Вы завоевали призы на конкурсах Глинки и Мусоргского. Что вы думаете о вокальных конкурсах и как вы выдерживали конкурсный прессинг?
Это были всего лишь национальные конкурсы, но, конечно, я нервничала, особенно потому, что ненавижу, когда мне присваивают номер. Ненавижу, когда нумеруют певцов: “первый”, “второй”, третий”… Я – единственная, и чувствую себя единственной, поэтому я не люблю соревнования и иерархии. Кому-то я нравлюсь, кому-то нет. Так или иначе, я остаюсь сама собой.
Победы на конкурсах способствовали вашей карьере?
Нет. Вовсе не способствовали. Я работала в Свердловской опере три сезона и попала туда вовсе не из-за конкурсных побед. Как только я закончила консерваторию, то сразу же получила два очень выгодных предложения. Меня пригласили оперные театры Новосибирска и Свердловска. Я выбрала последний. Только представьте: я выросла в Новосибирской опере. Там все знали меня, но не как певицу, а как маленькую девочку с бантиками. Я не могла начинать свою карьеру в Новосибирске, так как была уверена, что никто там не сможет судить обо мне объективно и беспристрастно. Поэтому я рискнула и выбрала Свердловск.
А как вы оказались в Мариинском театре? Кто-нибудь оттуда приезжал в Свердловск, чтобы прослушать вас?
Вовсе нет. Наоборот, я приезжала в Санкт-Петербург и пела на прослушивании в Мариинском театре. Тем не менее, в течение двух лет я выступала там, не будучи в труппе. Фактически я все еще оставалась “сопрано из Свердловской оперы”. Я была принята в театр только тогда, когда началась моя международная карьера. В 1991 году, после того, как я спела Ренату в “Огненном Ангеле” Прокофьева в Альберт-Холле, Гергиев, наконец, зачислил меня в состав труппы Мариинского театра. Ужасно, не так ли? Только после международного успеха для меня нашлось место в Мариинке.

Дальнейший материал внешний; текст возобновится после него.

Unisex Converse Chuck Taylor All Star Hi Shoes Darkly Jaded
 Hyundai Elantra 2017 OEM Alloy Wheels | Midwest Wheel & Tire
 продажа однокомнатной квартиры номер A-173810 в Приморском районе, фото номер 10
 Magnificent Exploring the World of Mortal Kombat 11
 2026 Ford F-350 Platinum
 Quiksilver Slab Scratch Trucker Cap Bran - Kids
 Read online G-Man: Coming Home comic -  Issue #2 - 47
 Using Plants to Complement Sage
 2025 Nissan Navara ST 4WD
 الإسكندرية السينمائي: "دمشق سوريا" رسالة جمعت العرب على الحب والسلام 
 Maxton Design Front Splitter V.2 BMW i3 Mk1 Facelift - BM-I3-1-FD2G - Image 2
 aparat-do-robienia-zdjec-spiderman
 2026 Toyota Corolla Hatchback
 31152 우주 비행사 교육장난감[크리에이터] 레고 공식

Как после пост-советской России вы себя почувствовали на Западе? И как вы ощущали себя после громкого и скорого успеха в “Огненном ангеле”?
Это было очень трудно. Я целый год посвятила подготовке этой сложнейшей роли. У меня просто не было выбора: я должна была спеть ее, потому что не могла больше оставаться в Свердловске. Кроме того, эта партия чрезвычайно опасна для молодых голосов и предъявляет высочайшие требования к вокальной технике. Я пела Ренату в течение года. Никто не хочет петь эту роль снова. Спросите наших новых звезд. Спросите Рене Флеминг. Спросите Анджелу Георгиу.
Мне не слишком хотелось бы спрашивать о чем-нибудь Анджелу Георгиу после того, как она только что и безо всяких объяснений отменила свою “Травиату” в лиссабонском театре Сан-Карлос. А все билеты были проданы, между прочим.
Как может директор оперы приглашать такую звезду, как эта? Как Анджела Георгиу? Почему она отказалась петь? Потому что она – дива. Я никогда не делала ничего подобного за всю мою карьеру.
Вы никогда не отменяли спектакля без уважительной причины?
Нет, конечно нет. Я люблю свою публику. Георгиу же любит только себя. Я знаю ее как личность. Она неприятная, очень неприятная.
Но вы ведь никогда не работали с Анджелой Георгиу?
Я знаю ее по закулисной жизни. Когда ее роман с Аланьей был только в самом начале, планировалась запись “Тоски” со мной и с ним. Она же помешала осуществлению этой записи, настаивая, что она, и только она может быть Тоской вместе с Робером. Но я полагаю, что она – не настоящая Тоска.
Почему?
Она вовсе не Тоска. Она не серьезна, не человечна. Она – как кукла, легкомысленная, без глубоких чувств, – Галина говорит это с кокетливыми, манерными жестами. – Она субретка. Тоска же- героиня, а не субретка.
Режиссёры и Гергиев
Вы выросли в оперном мире и должны иметь незаурядный опыт в том, как обращаться с коллегами-певцами, режиссерами и дирижерами. Давайте по порядку, начнем с режиссеров?
А что бы вы хотели узнать о них? – с веселой улыбкой спрашивает Галина.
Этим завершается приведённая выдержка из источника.